[EXCERPTED RECORDS]
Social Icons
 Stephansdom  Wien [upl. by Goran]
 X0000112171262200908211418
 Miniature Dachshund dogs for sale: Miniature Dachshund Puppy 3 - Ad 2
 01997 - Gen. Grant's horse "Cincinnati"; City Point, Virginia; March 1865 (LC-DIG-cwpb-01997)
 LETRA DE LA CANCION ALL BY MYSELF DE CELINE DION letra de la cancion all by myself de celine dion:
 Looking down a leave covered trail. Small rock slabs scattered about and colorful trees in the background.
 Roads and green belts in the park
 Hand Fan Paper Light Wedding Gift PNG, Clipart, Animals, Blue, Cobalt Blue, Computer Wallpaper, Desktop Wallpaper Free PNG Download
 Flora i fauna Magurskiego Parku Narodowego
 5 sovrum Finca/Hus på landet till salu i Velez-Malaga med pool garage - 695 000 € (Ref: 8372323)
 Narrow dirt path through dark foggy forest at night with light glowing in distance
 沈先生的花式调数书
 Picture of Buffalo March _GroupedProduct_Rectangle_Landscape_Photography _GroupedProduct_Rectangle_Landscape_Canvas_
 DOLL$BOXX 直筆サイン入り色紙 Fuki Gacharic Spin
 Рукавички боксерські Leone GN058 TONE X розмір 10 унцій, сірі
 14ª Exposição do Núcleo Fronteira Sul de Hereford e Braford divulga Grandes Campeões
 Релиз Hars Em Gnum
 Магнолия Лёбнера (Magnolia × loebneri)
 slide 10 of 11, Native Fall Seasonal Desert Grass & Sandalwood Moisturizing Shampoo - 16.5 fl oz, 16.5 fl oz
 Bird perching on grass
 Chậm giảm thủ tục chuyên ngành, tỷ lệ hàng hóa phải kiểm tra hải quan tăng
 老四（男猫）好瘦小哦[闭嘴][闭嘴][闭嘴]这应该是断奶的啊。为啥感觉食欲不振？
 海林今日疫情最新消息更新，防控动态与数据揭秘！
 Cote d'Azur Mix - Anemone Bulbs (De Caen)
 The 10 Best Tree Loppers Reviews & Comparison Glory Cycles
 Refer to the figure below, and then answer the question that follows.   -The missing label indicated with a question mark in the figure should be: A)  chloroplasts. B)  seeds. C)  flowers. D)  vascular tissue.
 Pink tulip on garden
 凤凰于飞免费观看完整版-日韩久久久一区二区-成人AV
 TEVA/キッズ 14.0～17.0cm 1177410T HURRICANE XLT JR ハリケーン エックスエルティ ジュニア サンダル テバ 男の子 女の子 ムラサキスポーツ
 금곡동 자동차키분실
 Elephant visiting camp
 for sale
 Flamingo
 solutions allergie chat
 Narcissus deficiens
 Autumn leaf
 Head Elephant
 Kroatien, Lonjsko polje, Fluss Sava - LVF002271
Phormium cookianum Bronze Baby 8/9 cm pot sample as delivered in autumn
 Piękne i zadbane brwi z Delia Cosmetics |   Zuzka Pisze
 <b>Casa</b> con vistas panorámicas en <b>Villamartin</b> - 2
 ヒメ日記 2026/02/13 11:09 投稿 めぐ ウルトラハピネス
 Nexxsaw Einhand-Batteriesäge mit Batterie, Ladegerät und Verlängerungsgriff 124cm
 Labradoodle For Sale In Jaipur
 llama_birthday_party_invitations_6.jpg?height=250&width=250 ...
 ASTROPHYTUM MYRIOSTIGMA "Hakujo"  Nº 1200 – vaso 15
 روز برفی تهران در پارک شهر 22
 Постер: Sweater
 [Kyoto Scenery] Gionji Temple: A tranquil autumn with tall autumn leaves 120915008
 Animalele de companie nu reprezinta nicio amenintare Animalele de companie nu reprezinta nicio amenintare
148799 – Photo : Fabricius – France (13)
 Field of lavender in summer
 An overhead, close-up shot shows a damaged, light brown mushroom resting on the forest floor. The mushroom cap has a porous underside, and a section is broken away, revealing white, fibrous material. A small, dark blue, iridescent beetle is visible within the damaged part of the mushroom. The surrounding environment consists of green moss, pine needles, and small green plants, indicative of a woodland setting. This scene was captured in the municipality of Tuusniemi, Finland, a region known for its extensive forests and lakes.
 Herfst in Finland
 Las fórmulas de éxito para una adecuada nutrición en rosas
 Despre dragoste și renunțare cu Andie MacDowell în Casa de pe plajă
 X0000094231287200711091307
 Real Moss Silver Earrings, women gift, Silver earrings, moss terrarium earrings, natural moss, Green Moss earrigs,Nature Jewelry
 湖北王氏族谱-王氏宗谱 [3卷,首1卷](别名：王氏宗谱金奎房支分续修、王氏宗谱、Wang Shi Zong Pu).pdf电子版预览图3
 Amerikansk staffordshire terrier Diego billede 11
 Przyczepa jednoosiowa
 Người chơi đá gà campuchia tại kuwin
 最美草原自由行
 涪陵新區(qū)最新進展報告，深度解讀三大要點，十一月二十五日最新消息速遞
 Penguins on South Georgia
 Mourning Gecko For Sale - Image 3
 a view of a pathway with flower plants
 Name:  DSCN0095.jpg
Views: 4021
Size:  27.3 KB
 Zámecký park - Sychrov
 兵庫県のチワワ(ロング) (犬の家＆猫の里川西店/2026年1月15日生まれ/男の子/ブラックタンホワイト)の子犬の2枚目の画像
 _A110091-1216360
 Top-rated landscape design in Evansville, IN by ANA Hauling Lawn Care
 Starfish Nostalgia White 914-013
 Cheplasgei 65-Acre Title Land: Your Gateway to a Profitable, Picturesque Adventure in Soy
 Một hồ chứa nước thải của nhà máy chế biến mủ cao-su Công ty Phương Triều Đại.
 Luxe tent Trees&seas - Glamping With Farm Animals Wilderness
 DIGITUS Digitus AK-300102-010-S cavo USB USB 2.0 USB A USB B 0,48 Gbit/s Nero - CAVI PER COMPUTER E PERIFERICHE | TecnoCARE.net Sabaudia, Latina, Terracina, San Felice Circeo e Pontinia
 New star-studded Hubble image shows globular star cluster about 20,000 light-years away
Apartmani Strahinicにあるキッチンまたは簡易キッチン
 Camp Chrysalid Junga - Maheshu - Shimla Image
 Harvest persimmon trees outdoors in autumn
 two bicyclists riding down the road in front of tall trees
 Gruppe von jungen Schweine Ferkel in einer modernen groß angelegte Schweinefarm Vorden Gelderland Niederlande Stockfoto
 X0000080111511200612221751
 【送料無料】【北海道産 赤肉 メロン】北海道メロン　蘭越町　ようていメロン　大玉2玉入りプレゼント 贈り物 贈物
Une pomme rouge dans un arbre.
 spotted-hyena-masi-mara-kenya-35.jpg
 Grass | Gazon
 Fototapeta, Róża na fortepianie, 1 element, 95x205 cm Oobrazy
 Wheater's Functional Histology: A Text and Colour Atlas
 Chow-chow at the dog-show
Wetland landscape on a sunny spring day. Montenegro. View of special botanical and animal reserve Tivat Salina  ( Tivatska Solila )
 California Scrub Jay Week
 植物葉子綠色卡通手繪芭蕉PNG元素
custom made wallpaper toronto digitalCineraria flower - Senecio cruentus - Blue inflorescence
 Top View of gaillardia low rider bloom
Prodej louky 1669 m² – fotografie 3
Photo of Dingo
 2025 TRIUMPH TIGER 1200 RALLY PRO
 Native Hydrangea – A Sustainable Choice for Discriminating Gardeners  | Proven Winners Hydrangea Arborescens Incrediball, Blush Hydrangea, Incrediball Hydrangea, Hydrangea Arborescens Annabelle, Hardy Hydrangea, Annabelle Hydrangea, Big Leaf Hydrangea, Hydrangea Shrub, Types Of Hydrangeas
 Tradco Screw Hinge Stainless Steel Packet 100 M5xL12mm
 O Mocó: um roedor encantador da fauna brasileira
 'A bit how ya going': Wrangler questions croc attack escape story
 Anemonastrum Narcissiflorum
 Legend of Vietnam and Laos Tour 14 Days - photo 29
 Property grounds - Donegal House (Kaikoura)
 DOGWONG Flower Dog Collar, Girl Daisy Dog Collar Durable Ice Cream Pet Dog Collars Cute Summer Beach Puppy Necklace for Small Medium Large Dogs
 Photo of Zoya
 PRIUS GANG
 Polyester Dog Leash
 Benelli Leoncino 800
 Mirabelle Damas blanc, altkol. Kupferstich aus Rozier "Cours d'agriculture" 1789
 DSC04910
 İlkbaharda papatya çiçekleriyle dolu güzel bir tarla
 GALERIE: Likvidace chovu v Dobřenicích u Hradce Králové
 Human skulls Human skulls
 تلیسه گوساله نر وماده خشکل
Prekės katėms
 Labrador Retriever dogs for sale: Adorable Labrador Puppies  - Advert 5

[TASK DESCRIPTION]
Return, exactly as they stand, the lines from the start of the records above through the line with "01997 - Gen.", both ends included, and no other lines.

[WRITTEN RESPONSE]
Social Icons
 Stephansdom  Wien [upl. by Goran]
 X0000112171262200908211418
 Miniature Dachshund dogs for sale: Miniature Dachshund Puppy 3 - Ad 2
 01997 - Gen. Grant's horse "Cincinnati"; City Point, Virginia; March 1865 (LC-DIG-cwpb-01997)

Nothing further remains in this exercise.